→ **Task**: Both the line below containing "detective search magnifying" and the line containing "Momentive Freshers Job", along with every line between them, should be repeated exactly; no other line belongs in the answer.

→ **Recorded data**:
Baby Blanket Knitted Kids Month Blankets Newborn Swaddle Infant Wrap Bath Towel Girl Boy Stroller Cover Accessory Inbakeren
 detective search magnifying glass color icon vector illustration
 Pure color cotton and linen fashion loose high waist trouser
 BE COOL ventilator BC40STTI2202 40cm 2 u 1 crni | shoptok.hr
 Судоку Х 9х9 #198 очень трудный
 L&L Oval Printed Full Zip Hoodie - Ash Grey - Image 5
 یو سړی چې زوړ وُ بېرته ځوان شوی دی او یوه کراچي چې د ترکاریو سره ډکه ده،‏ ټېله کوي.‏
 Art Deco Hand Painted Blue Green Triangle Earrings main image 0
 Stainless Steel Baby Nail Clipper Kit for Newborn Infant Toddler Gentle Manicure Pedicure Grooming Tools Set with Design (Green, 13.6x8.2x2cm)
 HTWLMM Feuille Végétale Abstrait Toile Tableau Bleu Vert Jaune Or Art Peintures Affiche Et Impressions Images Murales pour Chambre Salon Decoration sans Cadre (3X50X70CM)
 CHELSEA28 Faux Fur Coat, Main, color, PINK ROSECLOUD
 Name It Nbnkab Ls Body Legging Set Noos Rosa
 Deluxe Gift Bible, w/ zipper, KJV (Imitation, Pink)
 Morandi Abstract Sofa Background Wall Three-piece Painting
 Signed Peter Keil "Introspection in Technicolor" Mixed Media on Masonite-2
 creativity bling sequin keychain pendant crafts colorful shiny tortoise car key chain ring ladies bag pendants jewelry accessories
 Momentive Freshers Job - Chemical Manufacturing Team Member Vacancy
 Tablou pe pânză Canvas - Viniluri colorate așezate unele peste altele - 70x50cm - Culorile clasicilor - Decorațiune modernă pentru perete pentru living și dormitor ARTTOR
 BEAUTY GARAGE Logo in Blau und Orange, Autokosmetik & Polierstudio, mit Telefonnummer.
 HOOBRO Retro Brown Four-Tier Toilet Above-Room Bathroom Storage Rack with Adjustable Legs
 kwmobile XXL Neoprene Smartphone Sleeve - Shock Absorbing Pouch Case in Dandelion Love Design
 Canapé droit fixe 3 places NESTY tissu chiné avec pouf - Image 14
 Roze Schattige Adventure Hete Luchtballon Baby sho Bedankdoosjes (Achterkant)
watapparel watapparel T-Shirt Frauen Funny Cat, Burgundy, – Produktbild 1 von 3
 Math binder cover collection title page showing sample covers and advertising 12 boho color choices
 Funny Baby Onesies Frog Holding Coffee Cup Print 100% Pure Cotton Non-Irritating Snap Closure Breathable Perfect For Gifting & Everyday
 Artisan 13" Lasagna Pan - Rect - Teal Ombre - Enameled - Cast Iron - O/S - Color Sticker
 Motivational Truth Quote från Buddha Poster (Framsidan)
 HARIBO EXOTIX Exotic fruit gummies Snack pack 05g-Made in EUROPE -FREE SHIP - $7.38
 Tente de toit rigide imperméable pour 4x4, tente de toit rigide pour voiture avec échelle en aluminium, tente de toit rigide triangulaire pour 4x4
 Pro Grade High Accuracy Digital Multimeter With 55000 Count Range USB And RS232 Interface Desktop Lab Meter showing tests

→ **Answer to this problem**:
 detective search magnifying glass color icon vector illustration
 Pure color cotton and linen fashion loose high waist trouser
 BE COOL ventilator BC40STTI2202 40cm 2 u 1 crni | shoptok.hr
 Судоку Х 9х9 #198 очень трудный
 L&L Oval Printed Full Zip Hoodie - Ash Grey - Image 5
 یو سړی چې زوړ وُ بېرته ځوان شوی دی او یوه کراچي چې د ترکاریو سره ډکه ده،‏ ټېله کوي.‏
 Art Deco Hand Painted Blue Green Triangle Earrings main image 0
 Stainless Steel Baby Nail Clipper Kit for Newborn Infant Toddler Gentle Manicure Pedicure Grooming Tools Set with Design (Green, 13.6x8.2x2cm)
 HTWLMM Feuille Végétale Abstrait Toile Tableau Bleu Vert Jaune Or Art Peintures Affiche Et Impressions Images Murales pour Chambre Salon Decoration sans Cadre (3X50X70CM)
 CHELSEA28 Faux Fur Coat, Main, color, PINK ROSECLOUD
 Name It Nbnkab Ls Body Legging Set Noos Rosa
 Deluxe Gift Bible, w/ zipper, KJV (Imitation, Pink)
 Morandi Abstract Sofa Background Wall Three-piece Painting
 Signed Peter Keil "Introspection in Technicolor" Mixed Media on Masonite-2
 creativity bling sequin keychain pendant crafts colorful shiny tortoise car key chain ring ladies bag pendants jewelry accessories
 Momentive Freshers Job - Chemical Manufacturing Team Member Vacancy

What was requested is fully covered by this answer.